Et c'est là que le jeu bascule dans l'onirisme pur. Lorsque l'on débute par ramasser des trombones, à une échelle infiniment petite, pour rouler ensuite, dans le même niveau, les pyramides d'Egypte. Lorsqu'un niveau propose de capturer des centaines de lucioles. Lorsque l'on enroule des animaux, des enfants, des sumotoris, des voitures de course... Tout l'imaginaire d'un enfant qui rêve de tenir le monde dans sa main une fois grand est revisité.

En fait, ce jeu n'est qu'un rêve. Pas comme dans Inception, où les personnages vivent, parlent, discutent, se battent. Non, un vrai rêve. Où tout est familier, mais étrange dans ses formes, ses couleurs, ses attitudes, son enchaînement. Où l'on comprend les mots, les notes de musique, les bruits ne forment pas des phrases, mais un ensemble sonore indéfini.

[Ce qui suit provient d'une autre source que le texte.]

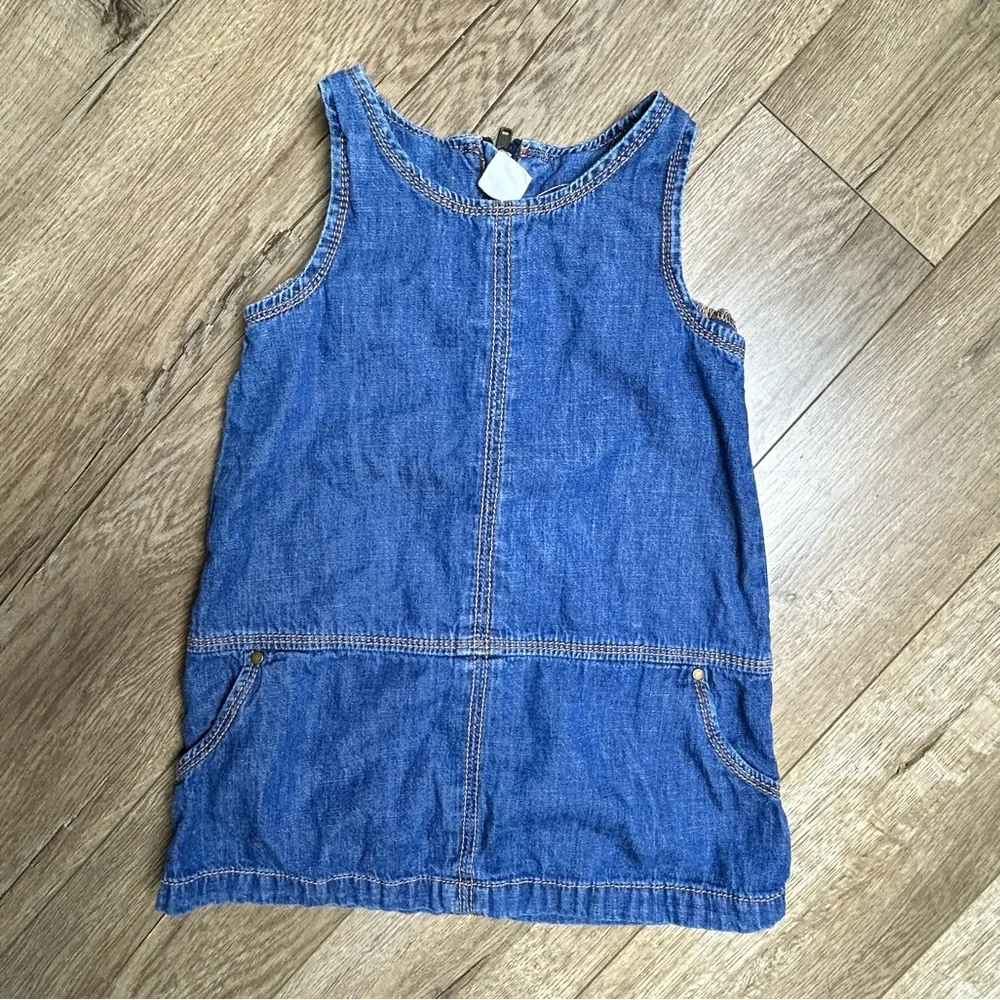 Gap Kids Denim Dress Girls Size 2T Blue Jean Jumper Pockets Zipper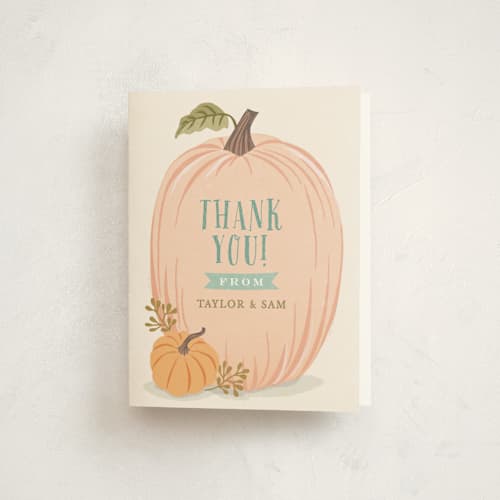 This is a leaf kids thank you cards with standard by Karidy Walker called autumn pumpkin printing on strathmore in standard
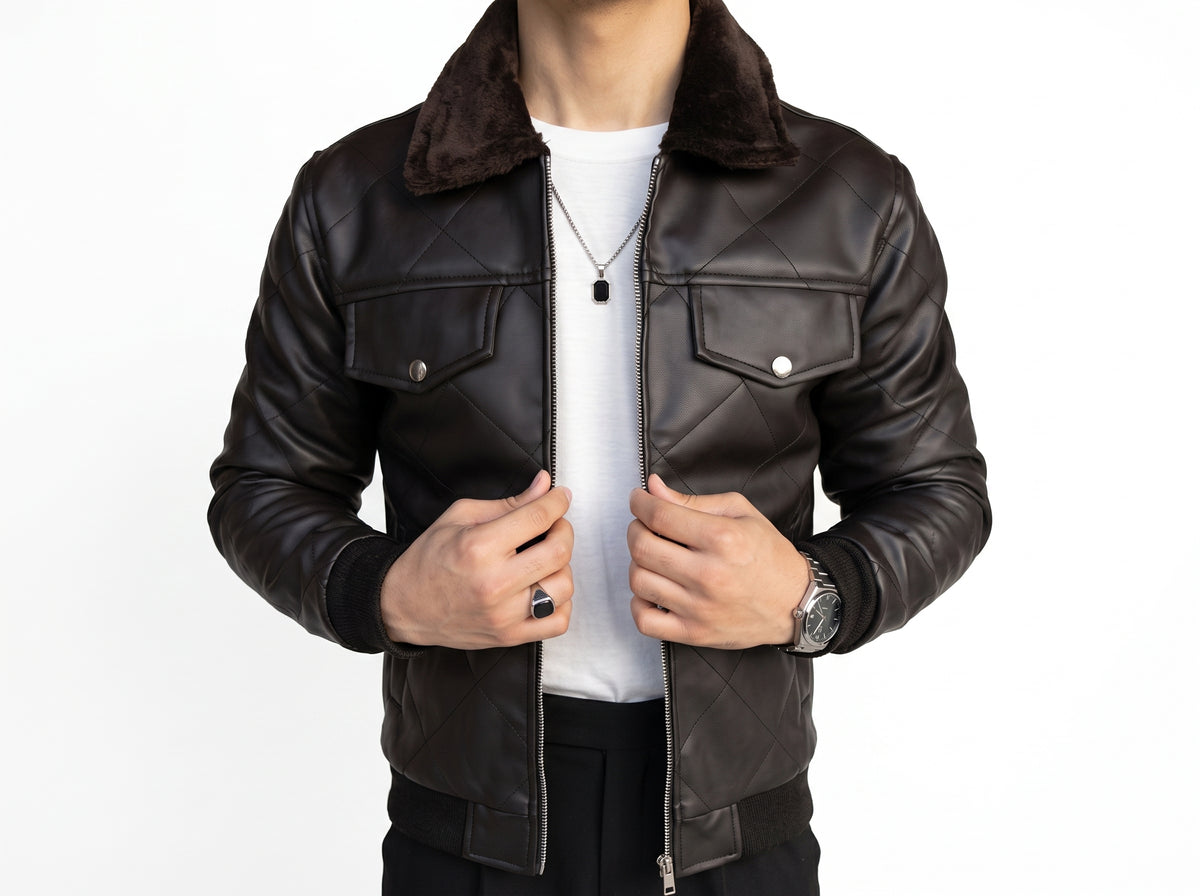 Hollywood Style Coffee Diamond-Cut Leather Jacket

Où le retour à la réalité est décevant.

Tetris proposait une solution logique aux problèmes d'espace mais, dans un même temps, enfermait le joueur dans une lutte désespérée, faite de mathématiques, pour retarder une issue inexorable. Pac-Man était voué à être capturé par les minotaures du labyrinthe, malgré sa course effrénée. Katamari, lui offre d'approcher l'infini. Le stress laisse place à la quiétude, la contemplation.

Katamari est une ode à la banalité, aux petits objets du quotidien qu'il montre comme autant de flocons de neige vus au microscope et aux choses qui nous dépassent et que l'on peut enfin saisir. Katamari, c'est beau. We love Katamari.